▶ **Exercise prompt**:
Set down each line of the data exactly, but not the pictures.

▶ **Recorded data**:
===============
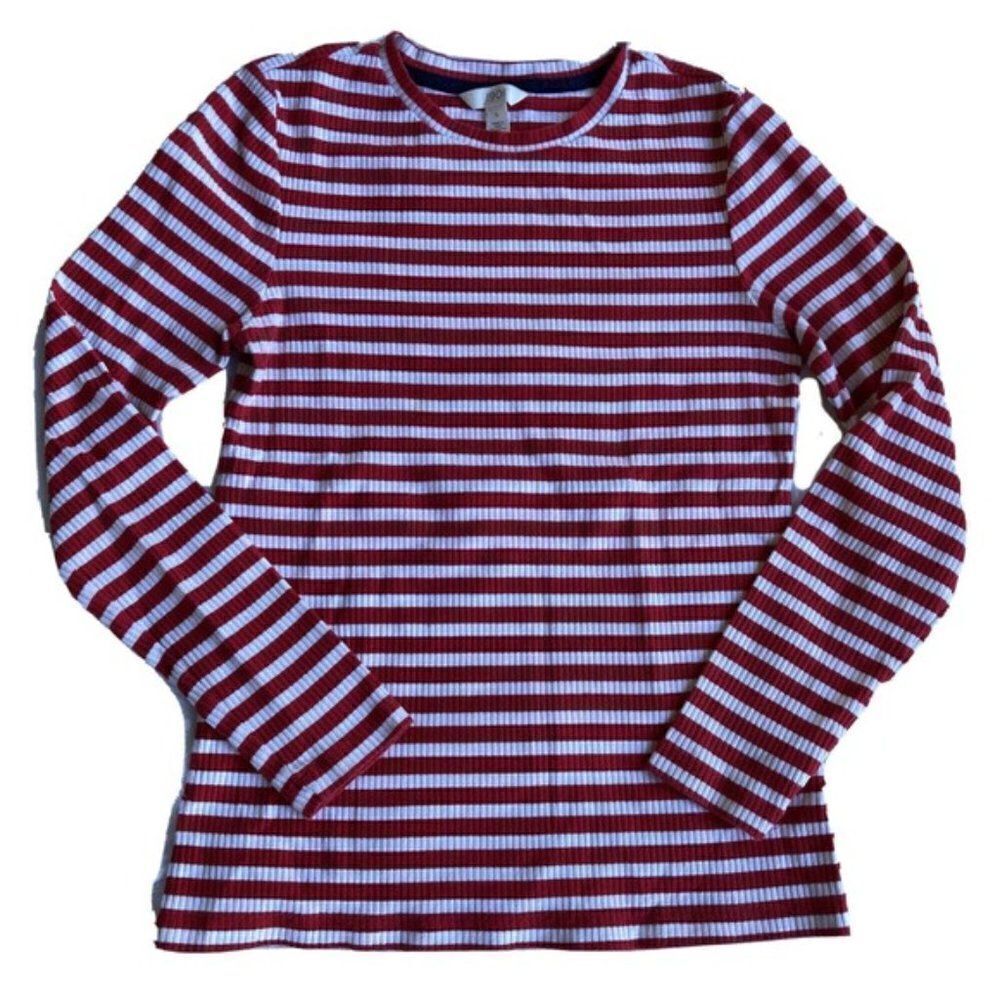 Nordstrom 1901 Striped Ribbed Long Sleeve size Large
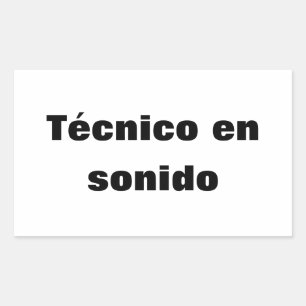 Técnico en sonido rechteckiger aufkleber
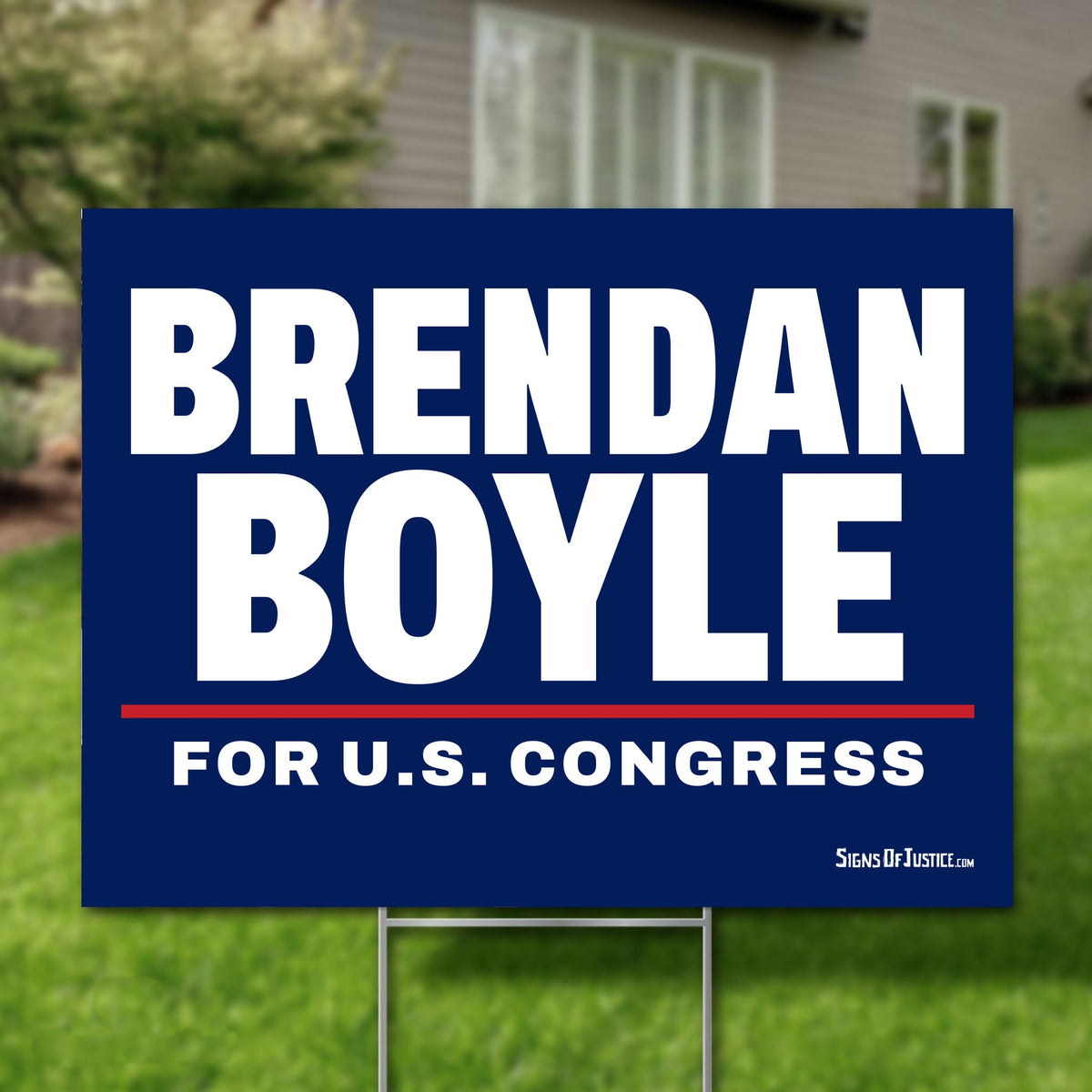 Brendan Boyle 24"x18" yard sign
===============
▶ **Result**:
 Nordstrom 1901 Striped Ribbed Long Sleeve size Large
 Técnico en sonido rechteckiger aufkleber
 Brendan Boyle 24"x18" yard sign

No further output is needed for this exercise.